Do I still need nullable=True in mapped_column() when I use Mapped[str | None]? No. When SQLAlchemy sees Mapped[str | None], it sets nullable=True on the underlying column automatically. Passing nullable=True explicitly is redundant but harmless. However, explicitly passing nullable=False on a Mapped[str | None] column creates a contradiction — the column will be non-nullable at the database level while the Python type says it can be None. SQLAlchemy will emit a warning and the database constraint takes precedence, so inserts of None will fail.

How do I handle custom types (e.g., UUID, JSONB, Enum) with Mapped[]? Pass the SQLAlchemy type to mapped_column() as you always did, and annotate with the corresponding Python type in Mapped[]. For UUID: id: Mapped[uuid.UUID] = mapped_column(Uuid(as_uuid=True), primary_key=True). For JSONB: metadata: Mapped[dict] = mapped_column(JSONB). For Python enums: status: Mapped[OrderStatus] = mapped_column(SAEnum(OrderStatus)). SQLAlchemy's type coercion handles the Python-to-database round-trip; the Mapped[] parameter is purely for static analysis and does not affect how the value is serialized.
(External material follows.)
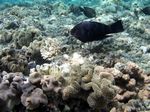Schwarzer Papageinfisch - Swarthy Parrotfish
Why does mypy still report errors even after installing the SQLAlchemy mypy plugin? The most common cause is that the plugin is configured for the project but mypy is resolving to a different Python environment — for example, a global mypy installation pointing to a virtualenv without SQLAlchemy, or a pyproject.toml plugin entry that does not match the installed package name. Verify with mypy --version and pip show sqlalchemy that both come from the same environment. Under [tool.mypy] in pyproject.toml the entry is plugins = ["sqlalchemy.ext.mypy.plugin"] (a single plugins key, not a sub-table). Note also that the mypy plugin is largely unnecessary on 2.0 — the first-party stubs cover annotated models directly, and the plugin mainly helps legacy Column-style declarations during migration. Also confirm you have removed sqlalchemy2-stubs entirely — its presence causes symbol conflicts that the plugin cannot resolve cleanly.